# iPad 2 et accéléromètre bug? Non juste Smart Cover!!!



## pharmapetel (5 Mai 2011)

Bonjour à tous!
Voilà cela fait deux semaines que je fais joujou avec mon iPad 2 (le 6 ème avait enfin un ecran sans fuites, pour ceux qui me connaissent bien sur le forum  ) et j'ai été surpris de l'attitude asymétrique du changement de mode paysage avec son opposé à 180 deg..

En effet, lorsque l'on tiens l'ipad 2 en mode paysage avec le bouton home à droite, et qu'on le pose sur les genoux avec une faible inclinaison de l'autre coté, l'écran se met à basculer..
Normal diront certains, mais lorsque l'on fait la même chose avec le bouton Home à gauche, il faut vraiment renverser l'ipad pour que l'écran bascule..
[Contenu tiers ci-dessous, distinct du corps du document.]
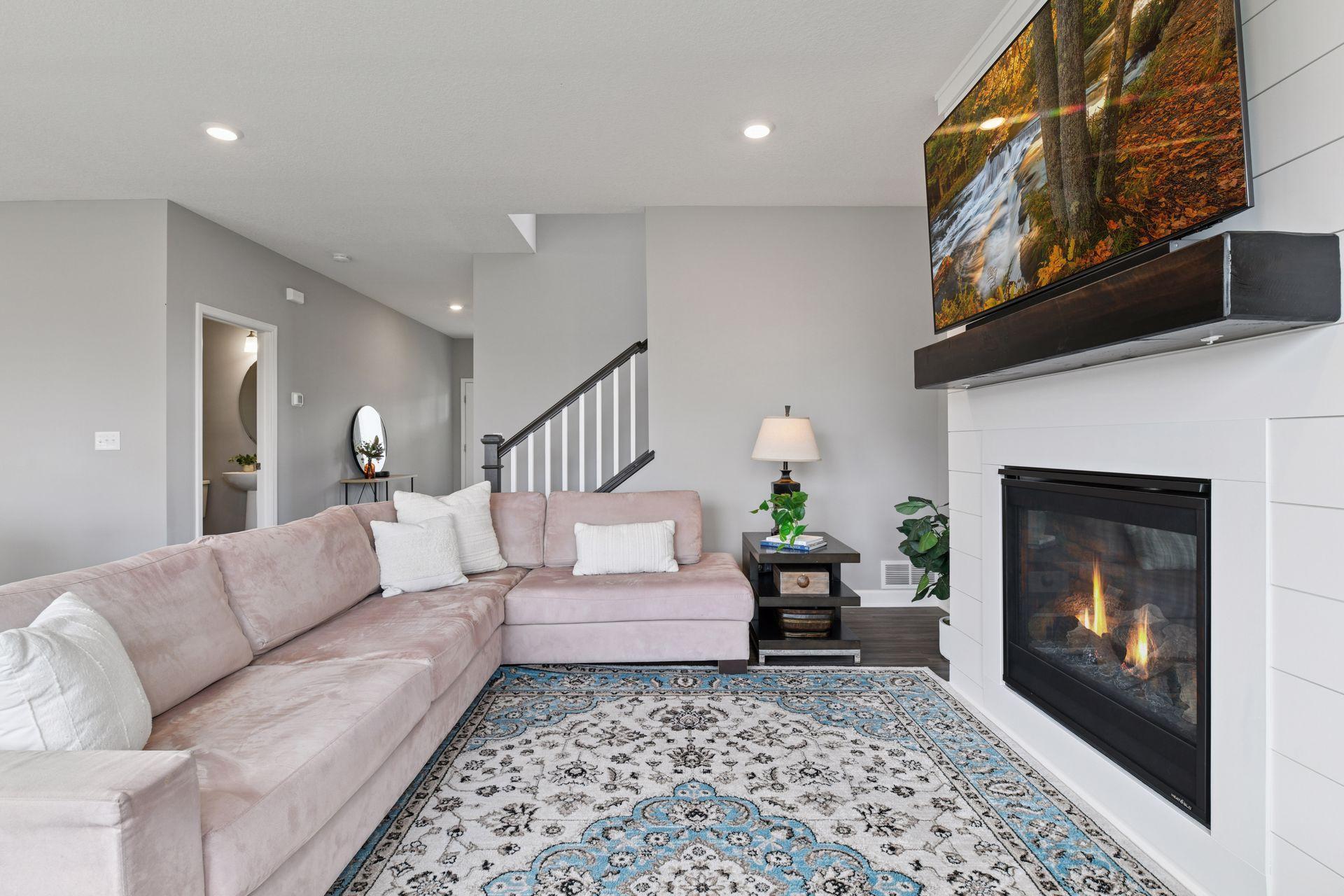 5548 Catkin Way Victoria, MN 55386 - Photo 10 of 69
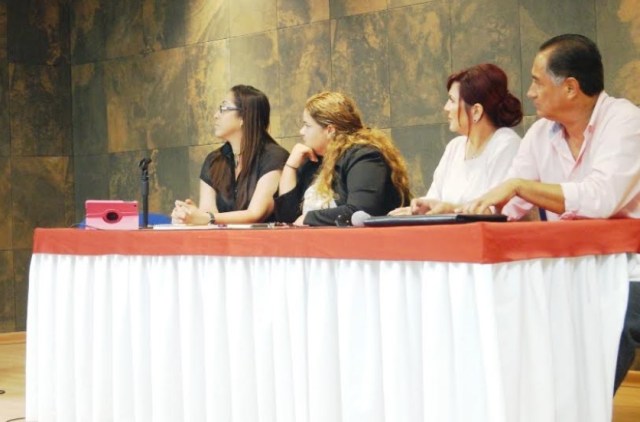 0-a-a-prensa-uabcs-1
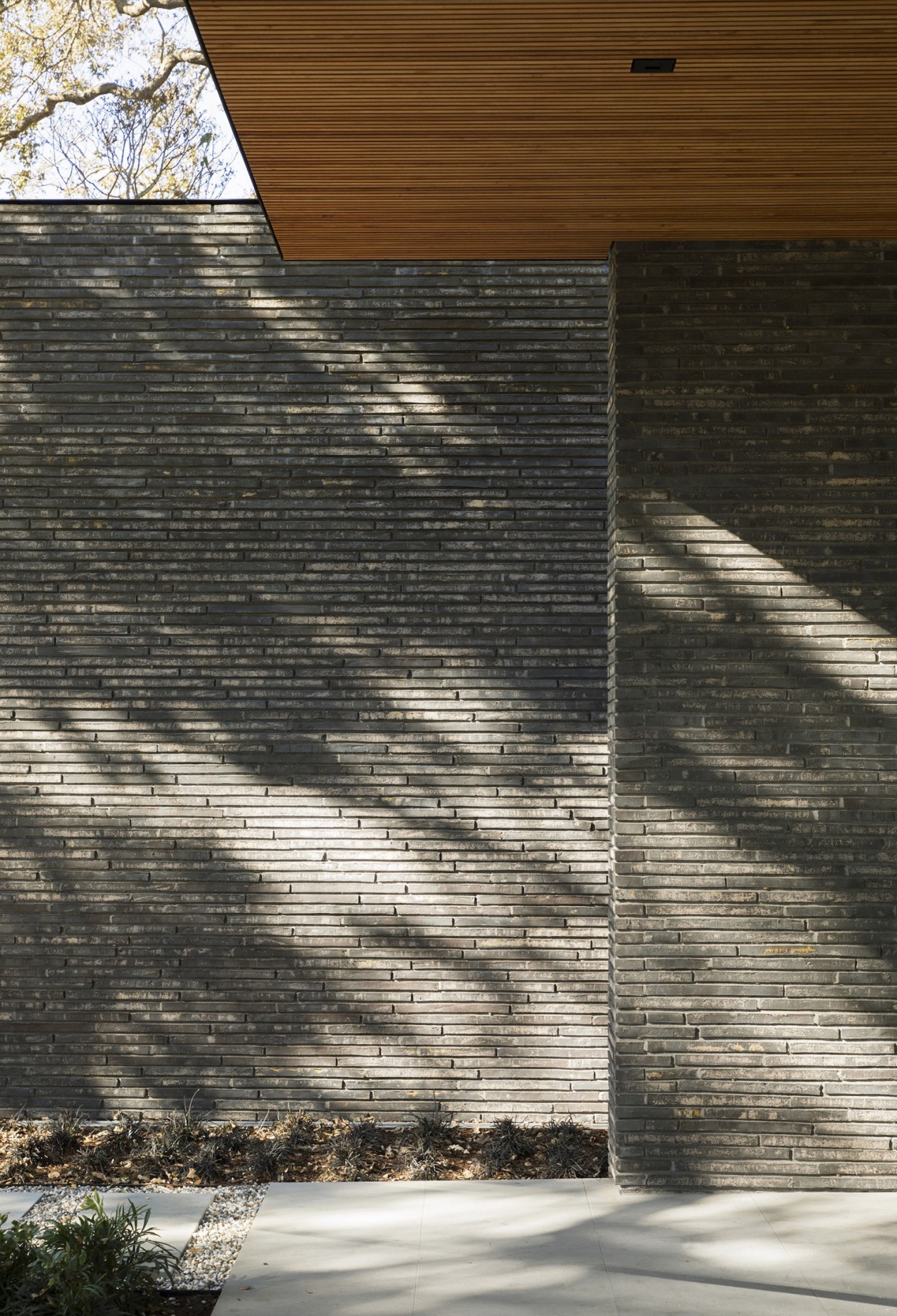 加利福尼亚，从内到外的绝美别墅！-7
Alors pensant que j'avais un accéléromètre defecteux j'ai téléchargé une application de niveau à bulle et j'ai vu que mon iPad était bien calibré (en espérant que ce ne soit pas le gyroscope qui fasse le boulot..)

Les résultats de niveau de basculement sont de -28 deg dans le sens bouton home gauche et seulement +6 deg dans le sens Home droit..
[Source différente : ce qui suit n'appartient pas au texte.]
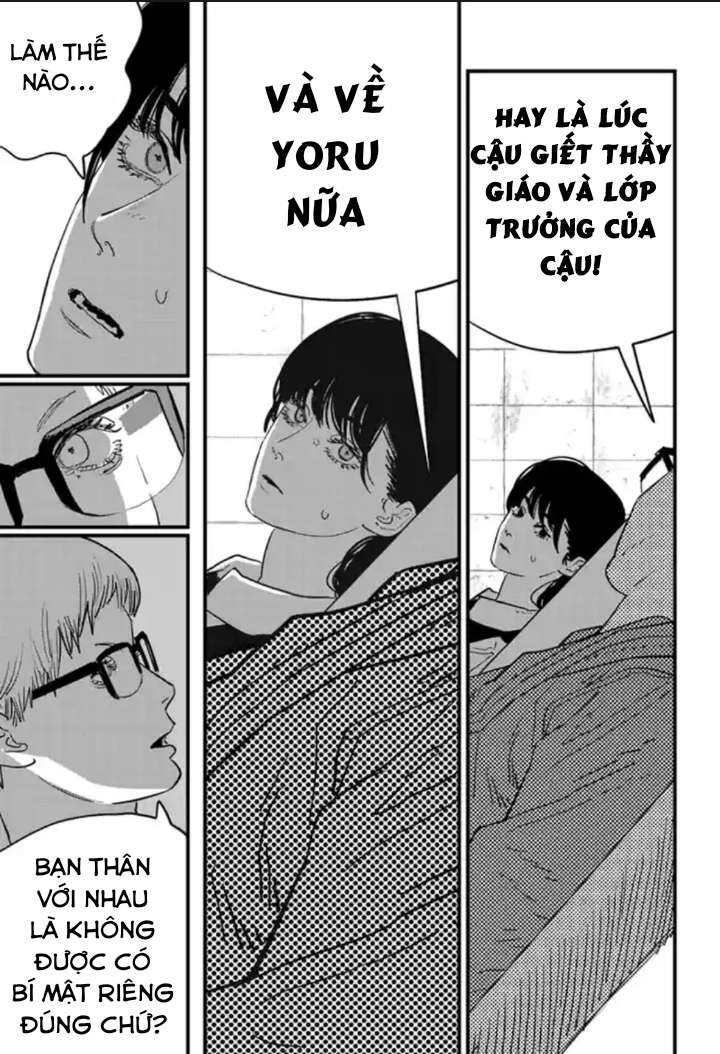 Chương 105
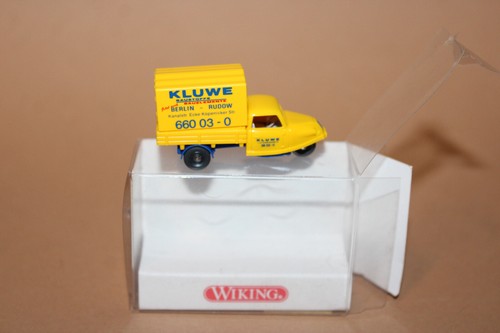 Wiking 8410124 1 - 8410124,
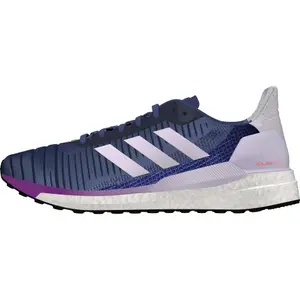 Damesschoenen adidas Solar Glide 19 image-1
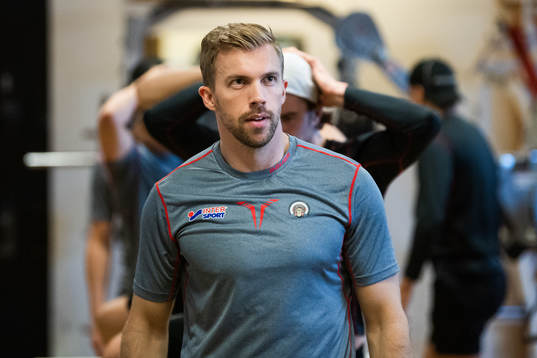 Anders Grönlund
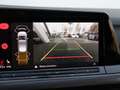 Volkswagen Golf 1.5 TSI 150pk Style | Panoramadak | Matrix LED | A Gris - thumbnail 16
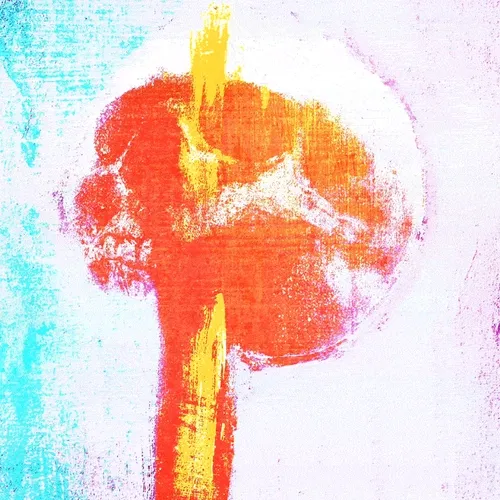 Apocalypse Art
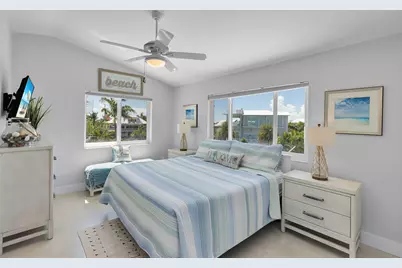 122 Court Contessa, Upper Sugarloaf Key, FL 33036 - Photo 50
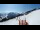 Webcam in Saalbach Hinterglemm, 1.4 km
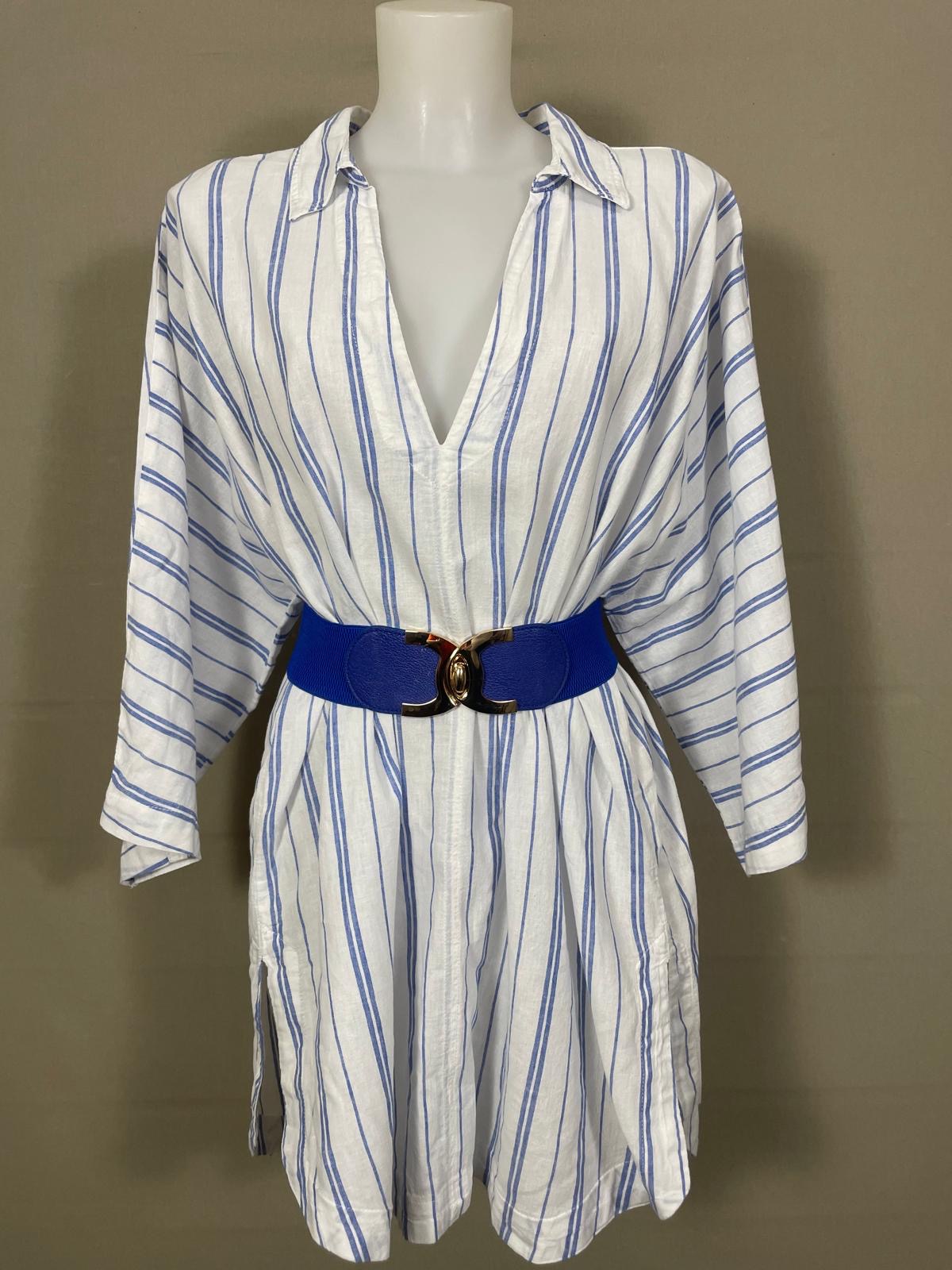 Robe Femme T.40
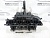 Коллектор впускной Aveo (T250/T255) 2005-2011    55569589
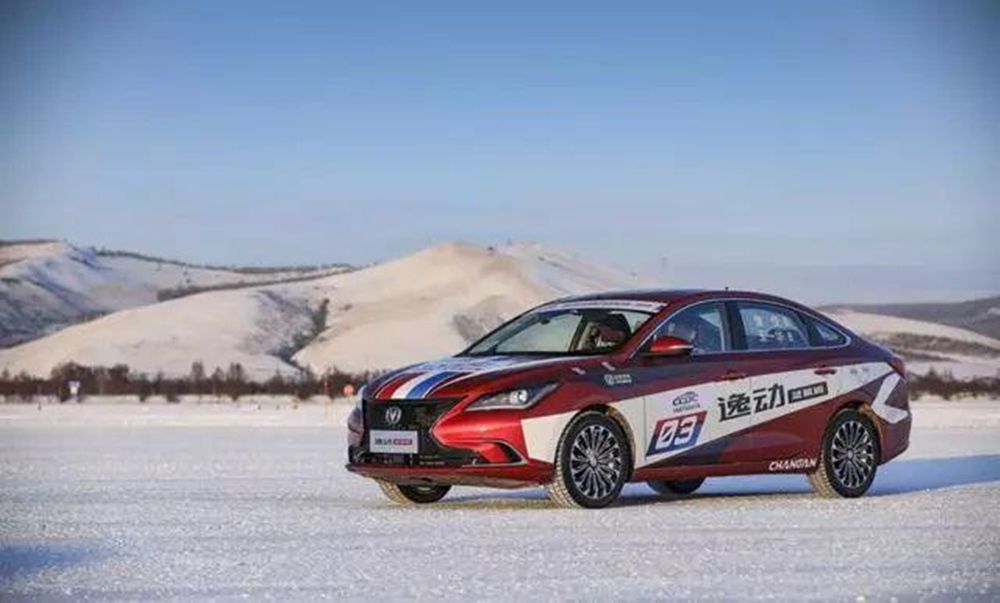 �⼸��10�����ڽγ�����ȥ��ĸ����ͷ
Alors j'ai regardé quelques vidéos sur la net et c'est apparemment pareil pour tout le monde. Je pense que c'est du à la smart cover car lorsque l'on positionne l'ipad en mode clavier sur une table, il faut que l'inclinaison se fasse facilement et avec l'angle assez faible de la smart cover..

Bref cela me gêne un peu. Je trouve que cette smart cover est une très mauvaise idée, même si c'était marrant au départ, je ne l'utilise jamais.
Sans compter que les aimants compris dans l'ipad doivent pas mal alourdir l'appareil..

J'espère qu'ils retireront les aimants du prochain iPad 3 et que ce problème d'inclinaison sera inactivable lors d'une prochaine mise à jour!

Qu'en pensez vous? Avez vous aussi cette différence d'angle pour le basculement?


----------



## worldice (5 Mai 2011)

pharmapetel a dit:


> Bonjour à tous!
> Voilà cela fait deux semaines que je fais joujou avec mon iPad 2 (le 6 ème avait enfin un ecran sans fuites, pour ceux qui me connaissent bien sur le forum  ) et j'ai été surpris de l'attitude asymétrique du changement de mode paysage avec son opposé à 180 deg..
> 
> En effet, lorsque l'on tiens l'ipad 2 en mode paysage avec le bouton home à droite, et qu'on le pose sur les genoux avec une faible inclinaison de l'autre coté, l'écran se met à basculer..
> ...



Oui, je ne sais pas pourquoi ils n'ont pas fait 6° des deux côtés...
Bizarre... En tout cas, merci de l'info ! Mais c'est vrai qu'Apple a dû préféré faire cela, car 80% des gens achètent une Smart Cover, ce qui rapporte pas mal de fric à Apple.


----------



## ced68 (5 Mai 2011)

Perso, j'utilise la Smart Cover, et je trouve ça super pratique. Maintenant que tu le dis, je l'utilise sur la gauche de l'iPad, donc mon bouton Home est toujours à gauche, je n'ai jamais remarqué ce "défaut"... Elle me va bien comme elle est cette SC !


----------



## pepeye66 (5 Mai 2011)

Je fais comme Ibaby, en horizontal: bouton home à gauche.
Mais certaines applications (prévues au départ pour iphone ?) obligent à positionner le bouton home à droite ??...C'est pas pratique et à ce moment là, la SC devient gênante !


----------



## Deleted member 284611 (6 Mai 2011)

Moi Perso je suis très content de la smart cover, et j'espère que l'aide sera reconduite par Apple sur les prochaines séries... 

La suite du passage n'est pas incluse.